「まあ、まず落ち着きなさい」ザ・メニュー ハルクマールさんの映画レビュー(感想・評価)
まあ、まず落ち着きなさい
と、シェフには伝えたい。
超高級レストラン、ホーソンは専用の船でしか行くことができない孤島に建てられている。
予約が取れないほどのこの人気レストランに、選ばれた数組の客たちがそれぞれの思惑で船に乗り込む。
辛口の料理評論家カップルや落ち目のムービースターなど、その中に若いカップルのタイラーと、一緒に来るはずだった客の代わりに来ることになったマーゴも船に乗り込んだ。
タイラーは料理に対する造詣が深いのに比べて、さほど興味のないマーゴ。
船の中でも牡蠣の一品料理が振る舞われるが、手の込んだ料理を絶賛するマイラーに対してマーゴは普通に牡蠣が食べたいと言う。
2人を含むレストラン客を乗せた船が孤島のレストランに到着する。
素晴らしい料理の数々が出されるはずのレストランでは、思いがけないフルコースが用意されていた。
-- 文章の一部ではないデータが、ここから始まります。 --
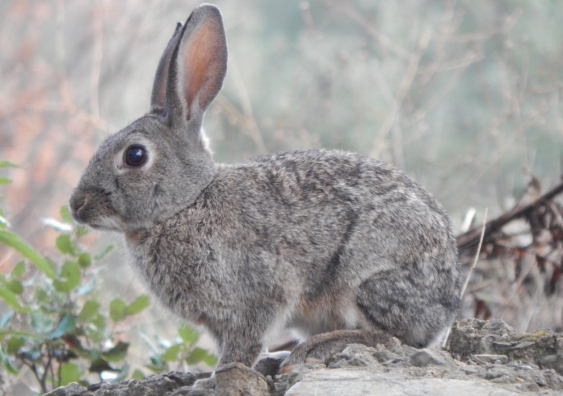 Draconianwrath tweet media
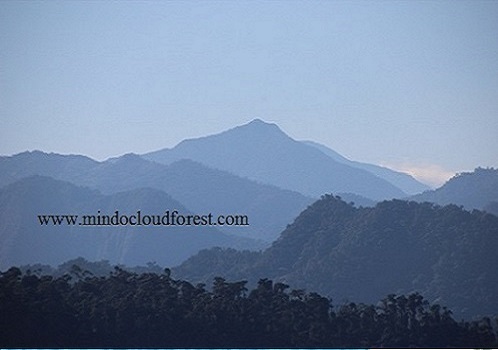 cloud forest ecuador tours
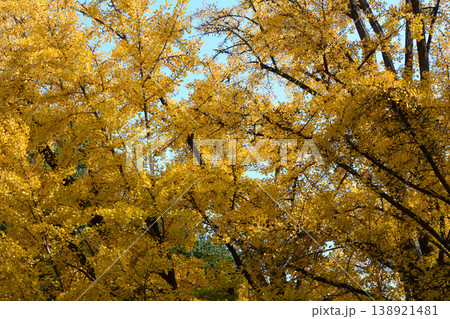 西念寺の紅葉 2025-11-16 #79 西念寺の紅葉 2025-11-16 #79 138921481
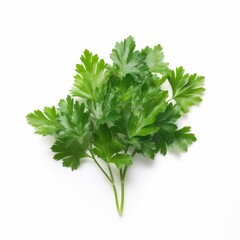 Chervil leaf isolated on white background. Generative AI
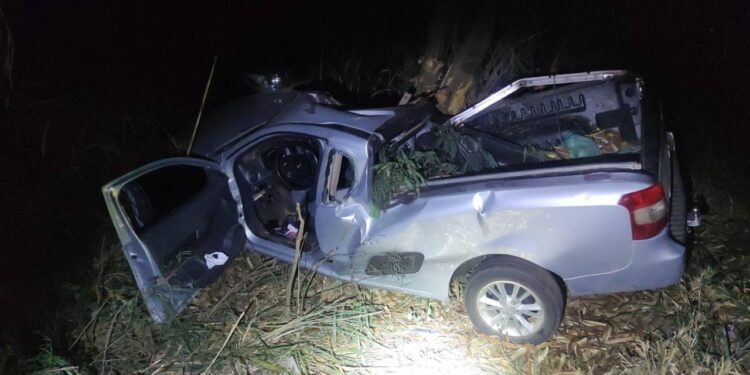 WhatsApp-Image-2024-07-15-at-08.26.24-750x375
あまり予備知識を入れず、余計な勘ぐりをせずに物語に集中して観るようにしたんだけど、ジャンル的にはサスペンス的な色合いが強いのかな。Wikipedia様でおさらいしてたらサスペンス・コメディってなってるけど、いやそれはちゃうやろと思う。アハハと笑える部分は、自分にはなかったかなぁ。
ずーっと、なんで?なんで?が続く感じ。
キャストは、監督さんがイギリス人だからかな、イギリスの俳優さんがメインに据えられてる。
主人公ではないかもだけど物語の鍵を握るシェフは名前を言ってはいけないあの人ことレイフ・ファインズ、料理オタクなのに…な彼氏にニコラス・ホルト、実は主役?の謎の美女マーゴにアニャ・テイラー・ジョイ。
アニャちゃんは物語の序盤で上着を脱いで、薄っすうすのワンピース一丁で残りのほとんどを過ごしてくれるので、もうその時点で星2.5は確保したも同然。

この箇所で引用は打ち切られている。